Anyway, when I saw the Mad Libs RSVP idea on Pinterest during one of my many wedding planning binge sessions, I knew immediately it was something we had to do.
I don't think this project requires much explanation. And unlike a lot of things on Pinterest, this was a very reasonable, doable project. We made the RSVP cards using Adobe InDesign, put four to a page, and had them printed at a local FedEx Store, where they also cut them for a nominal rate.
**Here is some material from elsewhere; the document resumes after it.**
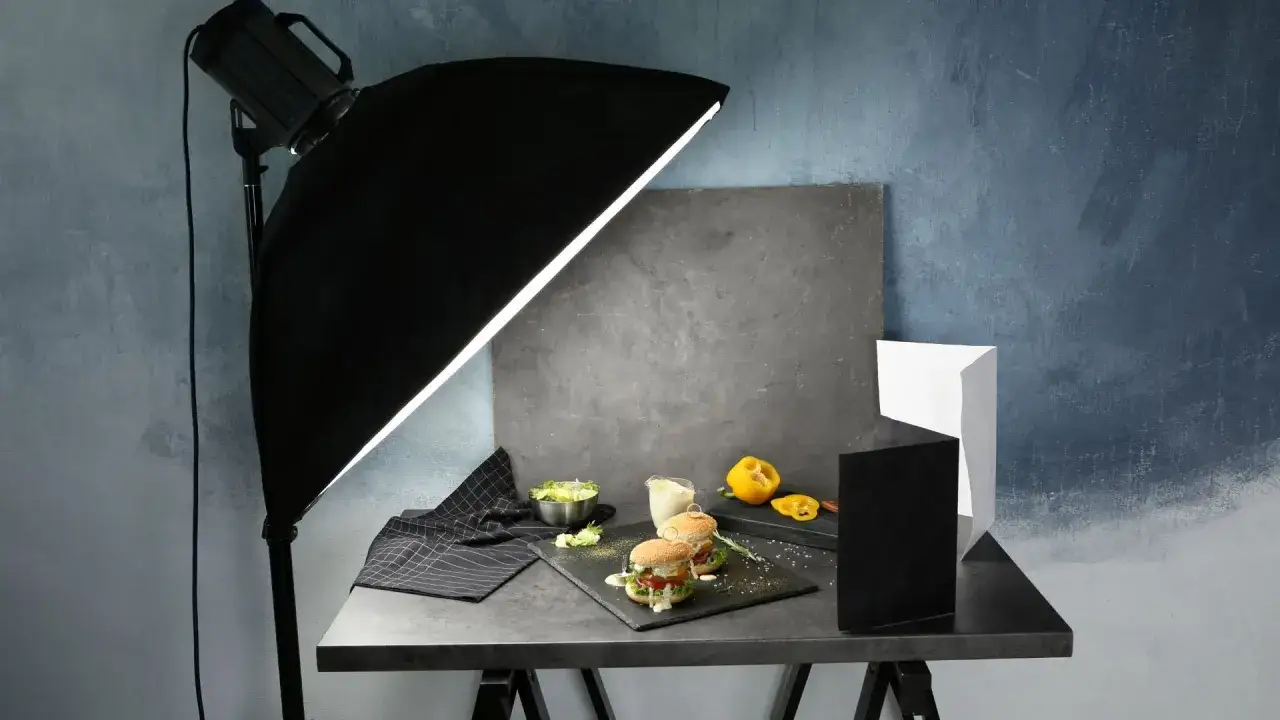 A food photography setup with burgers, salad, and a softbox for DIY photography lighting.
If I could do it again, I would either use thicker paper or add envelopes for the response cards. We used cardstock paper, which is thicker than printer paper, but something a little more durable would've been more effective. We printed the address on the back side of these cards and added postcard stamps to them. It saved same postage money, but a few of the RSVPs were pretty beat up by the time we got them. There were even one or two mailed that we never received.
My favorite part was getting these back in the mail, and wondering what the mailman thought reading them. It made me eager to run to the mailbox after work everyday. I've always loved getting mail, but this is probably one of the biggest examples of that because I was getting dozens of these responses over the course of a month.
And now, all of the responses are in a photo album we keep in our living room. I think it's better than a guestbook, because people could get creative and cute without having to try too hard or get really cheesy. There were a ton of innuendos and inside jokes. It was much appreciated. It was also nice because people who couldn't be there were still represented.
What I realize now is that maybe this project wasn't as older generation friendly. Family members participated, of course, but it was our high school and college friends that really went running with the Mad Libs idea. For instance, a lot of family members and family friends wrote "walk" down the aisle. Of course we were walking! Perhaps they didn't understand or didn't care to be more creative.
I'm still glad I did it, though.
What are some of the most memorable wedding invitations you've received?